Admittedly it’s a publication that causes a bit of a dilemma at Palazzo Ranti, where the question is whether it’s actually a newspaper, or journalism, at all. (You can’t buy it on the sunshine island of San Serif, so we hesitate to pass judgment.)

The decision is made on the basis that, whatever it is, it’s jobs for the boys who would otherwise have been unemployed following the mass withdrawal from the north as a print centre. Let them have their fun. If you can throw up (we use the expression nicely) a totally loony idea, you have somewhere to sell it.

Otherwise, we are leaving you this week to stroll down the nearside lane, check out the goodies in Column One, read the archive, play with the Search engine to see whether you or your mates are there, learn some English from Doctor Syntax, and browse through some jolly tales in The Stab (which is what we called the diary, when we ran one).

Save yourself some money by reading the specially written Tax Guide.

And read about the books we have published (or republished) – just for you.

You may even get some inspiration to write something yourself.

Meanwhile, thanks for all the stories about getting started in newspapers. There are some good tales and we’ll start running them next week. Feel free to contribute your own in the meantime.

Or buy the book that started it – An Ideal Occupation by Walter Schwarz. It’s available right now from the usual sources, from amazon or (with free delivery worldwide) from Book Depository, or Waterstones, Barnes & Noble or amazon in the US, or on order from any half-decent bookshop.

Have a happy Easter.

See you next week.

#

World of Sport

By Harold Heys

There are several things an aspiring journalist has to master. For example: a) The house rules over expenses, b) the nearest pub where you can regularly strap a few quid and c) the girls in advertising who are up for a good night out. Oh, and not bothering The Boss when he – or she – is off on holiday.

Murray Morse, editor-in-chief of the Sunday Sport and its daily till the wheels came off three weeks ago, took the liberty of contacting David Sullivan who was on a getting-away-from-it-all holiday in Dubai.

The Morse plan – more of an ‘outline proposal’, I am told – involved cutting staff including two editors and Mark Harris who had been running the sports desk as well as ten or more galley slaves and cutting the picture desk to just one. He outlined a lot of ideas that he said he had been working on – ‘a restructure plan’, he called it.

There would be revenue from magazine ideas he had had ‘in the pipeline’ and new print deals could be negotiated through his contacts. ‘We could start with a blank sheet of paper and build a team that we need at the price we want to pay’.

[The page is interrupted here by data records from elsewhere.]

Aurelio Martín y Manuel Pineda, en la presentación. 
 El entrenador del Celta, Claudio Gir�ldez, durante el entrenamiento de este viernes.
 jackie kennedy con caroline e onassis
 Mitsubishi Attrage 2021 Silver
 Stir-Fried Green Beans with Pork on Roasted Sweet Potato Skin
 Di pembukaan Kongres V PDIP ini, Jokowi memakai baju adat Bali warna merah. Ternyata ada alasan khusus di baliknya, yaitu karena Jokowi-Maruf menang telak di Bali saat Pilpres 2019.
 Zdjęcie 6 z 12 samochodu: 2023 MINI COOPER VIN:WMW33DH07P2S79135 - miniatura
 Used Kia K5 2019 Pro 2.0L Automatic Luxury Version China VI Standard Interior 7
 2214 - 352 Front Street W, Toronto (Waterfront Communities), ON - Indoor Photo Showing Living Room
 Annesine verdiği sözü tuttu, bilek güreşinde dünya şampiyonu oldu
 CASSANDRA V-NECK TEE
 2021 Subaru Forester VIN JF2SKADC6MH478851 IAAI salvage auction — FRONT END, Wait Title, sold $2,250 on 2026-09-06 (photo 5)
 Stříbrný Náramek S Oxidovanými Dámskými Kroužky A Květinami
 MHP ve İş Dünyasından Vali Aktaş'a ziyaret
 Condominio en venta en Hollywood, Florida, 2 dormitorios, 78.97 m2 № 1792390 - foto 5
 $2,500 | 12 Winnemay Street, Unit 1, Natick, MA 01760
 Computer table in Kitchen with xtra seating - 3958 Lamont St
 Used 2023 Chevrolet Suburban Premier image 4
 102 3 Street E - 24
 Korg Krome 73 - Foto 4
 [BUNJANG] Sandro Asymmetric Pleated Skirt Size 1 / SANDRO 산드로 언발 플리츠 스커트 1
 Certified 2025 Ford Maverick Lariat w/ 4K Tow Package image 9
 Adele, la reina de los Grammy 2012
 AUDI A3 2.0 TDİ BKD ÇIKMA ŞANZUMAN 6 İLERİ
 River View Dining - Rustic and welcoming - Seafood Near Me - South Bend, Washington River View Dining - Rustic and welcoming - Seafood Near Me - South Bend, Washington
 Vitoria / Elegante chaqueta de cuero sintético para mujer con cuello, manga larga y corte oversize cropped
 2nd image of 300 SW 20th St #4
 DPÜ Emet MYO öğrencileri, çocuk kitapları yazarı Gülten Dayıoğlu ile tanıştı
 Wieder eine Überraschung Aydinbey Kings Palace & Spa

David Sullivan, perhaps a little more concerned with the plight of his relegation-threatened West Ham United and the occasional wispy cloud floating high over the paradise (if you are seriously loaded) of Dubai, was unimpressed.

He told Morse that, sadly, being off the stands for a few weeks wouldn’t help to make the paper viable. And added: ‘Really all the things you were “working on” should have been done months ago so you could have paid the bank and not found the paper in the position it’s in’. Rather harsh. Morse had taken more than £1 million out of budgets and gone through two rounds of redundancies. He had tried to save as many jobs as he could.

And over that first traumatic weekend no one else seemed to be doing very much at all. An insider told me that Morse had got back on to Sullivan and pointed out that most of his ideas had been with MD Andrew Fickling for weeks. And he also told him that no one in editorial had had a clue that the Sport had defaulted on payments to Richard Desmond’s Broughton Printers – the last nail in the papers’ coffin.

Mark Harris was probably the last person to ‘get rid of’ as Morse put it. He was Sunday Sport editor for a time and had been Tony Livesey’s right-hand man. He’d done just about every job on the paper over a lot of years.

Harris came up with a Grand Plan and Sullivan, focused on bringing back just the Sunday, has gone for it. Staff will be slashed to a handful. Word is that Harris will act as MD, Nick Appleyard, editor for the past three years, will continue in that role and they will have just three staff subs and three or four others. There will also be a casual budget which they will certainly need. It is expected to resurface on May 8.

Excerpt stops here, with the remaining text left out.